MIT9904-04: Malleable Architectures for Adaptive Computing

Malleable Architectures for Adaptive Computing

MIT9904-04

Proposal for 1999-2000 Funding

Arvind, Larry Rudolph and Srinivas Devadas

Project Overview

Existing general-purpose microprocessors and digital signal processors do not meet all the needs of intelligent personal devices, multimedia and advanced communication applications. Designing special-purpose chips for each application is typically not feasible due to expensive fabrication costs and long turnaround time. A large reconfigurable device with appropriate tools and infrastructure may be the solution. We propose a framework for the synthesis of malleable processors based on million-gate Field Programmable Gate Arrays (FPGAs) such as the Xilinx XC4000XV series. For each application or set of applications, an instruction set and micro-architecture are chosen to significantly improve either the performance or the power dissipation. The architecture can be synthesized for FPGA’s or other implementation technologies by an architecture exploration system centered around the TRAC compiler, which takes high-level behavioral descriptions and generates synthesizable Register Transfer Language (RTL) descriptions in Verilog.

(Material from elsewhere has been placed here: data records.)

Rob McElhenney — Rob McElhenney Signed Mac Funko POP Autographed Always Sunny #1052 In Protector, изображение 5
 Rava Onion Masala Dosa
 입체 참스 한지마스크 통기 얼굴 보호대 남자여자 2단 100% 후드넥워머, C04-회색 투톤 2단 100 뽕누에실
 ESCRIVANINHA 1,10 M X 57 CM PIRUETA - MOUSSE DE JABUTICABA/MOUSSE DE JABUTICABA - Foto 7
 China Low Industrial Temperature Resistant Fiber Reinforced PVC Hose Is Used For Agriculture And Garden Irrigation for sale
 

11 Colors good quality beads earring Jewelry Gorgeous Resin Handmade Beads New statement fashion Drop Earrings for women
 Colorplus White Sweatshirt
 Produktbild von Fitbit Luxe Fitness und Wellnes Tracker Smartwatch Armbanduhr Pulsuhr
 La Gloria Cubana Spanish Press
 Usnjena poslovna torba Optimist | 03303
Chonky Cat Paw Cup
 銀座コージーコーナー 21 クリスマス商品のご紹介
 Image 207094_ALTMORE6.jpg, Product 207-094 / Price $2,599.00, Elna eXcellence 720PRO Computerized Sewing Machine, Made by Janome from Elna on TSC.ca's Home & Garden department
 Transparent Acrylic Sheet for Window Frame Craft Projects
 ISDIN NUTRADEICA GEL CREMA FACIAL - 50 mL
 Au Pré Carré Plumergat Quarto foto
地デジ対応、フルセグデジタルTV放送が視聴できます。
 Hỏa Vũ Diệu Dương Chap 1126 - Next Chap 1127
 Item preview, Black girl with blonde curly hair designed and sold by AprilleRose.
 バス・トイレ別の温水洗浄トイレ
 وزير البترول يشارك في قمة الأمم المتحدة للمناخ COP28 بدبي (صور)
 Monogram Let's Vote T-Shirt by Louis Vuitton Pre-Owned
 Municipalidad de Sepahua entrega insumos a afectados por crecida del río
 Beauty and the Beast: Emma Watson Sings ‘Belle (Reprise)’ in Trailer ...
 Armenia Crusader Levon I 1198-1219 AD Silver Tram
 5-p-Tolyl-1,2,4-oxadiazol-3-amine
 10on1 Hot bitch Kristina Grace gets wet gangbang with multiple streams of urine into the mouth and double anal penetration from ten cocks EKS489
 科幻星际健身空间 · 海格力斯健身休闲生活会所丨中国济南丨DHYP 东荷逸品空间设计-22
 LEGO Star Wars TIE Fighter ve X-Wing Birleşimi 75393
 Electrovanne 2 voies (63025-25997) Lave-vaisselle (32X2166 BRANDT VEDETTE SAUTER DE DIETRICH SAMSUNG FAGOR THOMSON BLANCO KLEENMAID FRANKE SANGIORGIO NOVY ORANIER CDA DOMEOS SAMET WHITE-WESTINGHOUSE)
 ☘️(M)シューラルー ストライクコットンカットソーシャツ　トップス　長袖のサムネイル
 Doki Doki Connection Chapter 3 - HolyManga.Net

We believe that the proposed framework will stimulate architecture innovation, and result in the development of creative, new architectures for multimedia applications. The development of such a framework requires the solution of difficult problems in the areas of architecture specification, automated hardware synthesis, and software compilation.

The proposed work will also provide an opportunity to collaborate with Hiroshi Sawada, Dr. K. Shimohara and other members of the adaptive architecture group at NTT. The FPGA CAD software being developed at NTT can be evaluated using the RTL (Verilog) models of application-specific processors generated by our architecture exploration system.

Malleable Architectures

Multimedia applications can benefit from an Instruction Set Architecture (ISA) tailored to its specific needs, such as the word size, parallel bit vector operations, and other complex instructions. An application can also benefit from a specific micro-architecture for the chosen ISA. But perhaps the most critical shortcoming of existing architectures is in the memory organization. On-chip caches now consume 30-60% of the silicon area in general-purpose processors, and this percentage is increasing. Tailoring memory organization for specific applications, or enabling dynamic or adaptive memory management while running applications is thus becoming very important. This is especially true for multimedia applications with streaming data access patterns for which conventional set-associative caches with LRU do not work well.

We propose novel ways of controlling caches to dramatically improve their utility and power consumption. Such malleable caches are suitable for a wide range of data-intensive applications. Small performance-critical code sequences of stream-processing and real-time applications can achieve several orders of magnitude improvement with malleable caches. Applications with low information entropy can make use of the cache resources for data compaction or memoized functions to dramatically improve execution time. In addition, malleable caches permit many architectural optimizations, such as power management and adaptive prefetching.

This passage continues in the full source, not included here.